2022-06-06

## Modified Macdonald polynomials

The modified (or transformed) Macdonald polynomials $\macdonaldH_{\lambda}(\xvec;q,t)$ appear as a combinatorial version of the Macdonald $P$ polynomials. The family is indexed by partitions $\lambda$ and they are symmetric in $\xvec.$ It was proved by M. Haiman in [Hai01] that the modified Macdonald polynomials are bigraded Frobenius characteristics of certain $\symS_n$-modules that appear in diagonal harmonics. For details on this story, see J. Swanson's notes from the n! conjecture seminar.

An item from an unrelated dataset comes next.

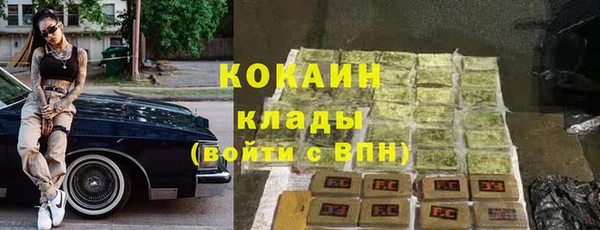 спиды Вяземский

A combinatorial formula for the modified Macdonald polynomials was proved in [HHL05], where a close connection with LLT polynomials is made apparent. The canonical reference on modified Macdonald polynomials is the book by Jim Haglund, [Hag07]. It is a major open problem in algebraic combinatorics to give a combinatorial proof (by using RSK, dual equivalence or crystals) that the $\macdonaldH_{\lambda}(\xvec;q,t)$ are Schur-positive.

### Definition

The modified Macdonald polynomials were originally defined via the Macdonald J polynomials, as

\[ \macdonaldH_{\mu}(\xvec;q,t) = t^{n(\mu)} \macdonaldJ[ X/(1-t^{-1}) ;q,1/t]. \]Note that we use plethystic notation here.

### Inner product characterization

The modified Macdonald polynomials $\{\macdonaldH_{\mu} \}_{\mu \vdash n}$ is the unique family of symmetric functions with coefficients in $\setQ(q,t),$ such that

- $ \macdonaldH_{\mu}[X(1-q);q,t] \in \setQ(q,t)\{ \schurS_\lambda : \lambda \trianglerighteq \mu \} $
- $ \macdonaldH_{\mu}[X(1-t);q,t] \in \setQ(q,t)\{ \schurS_\lambda : \lambda \trianglerighteq \mu' \} $
- $\langle \macdonaldH_{\mu} , \schurS_\mu \rangle = 1.$

Alternatively, they are the the unique family of polynomials that fulfills

- $ \langle \macdonaldH_{\mu}[X;q,t], \schurS_\lambda[X/(t-1)] \rangle =0 $ whenever $\lambda \triangleright \mu ,$
- $ \langle \macdonaldH_{\mu}[X;q,t], \schurS_\lambda[X/(1-q)] \rangle =0 $ whenever $\lambda \triangleleft \mu ,$
- $\langle \macdonaldH_{\mu} , \schurS_{(n)} \rangle = 1.$

### Haglund's combinatorial formula

A combinatorial formula for the modified Macdonald polynomials was obtained in [HHL05]. It is given by

\[ \macdonaldH_{\lambda}(\xvec;q,t) = \sum_{T:\lambda \to \setN} q^{\inv_\lambda(T)} t^{\maj_\lambda(T)} \xvec^T, \]where $\inv_\lambda(T)$ and $\maj_\lambda(T)$ are certain combinatorial statistics.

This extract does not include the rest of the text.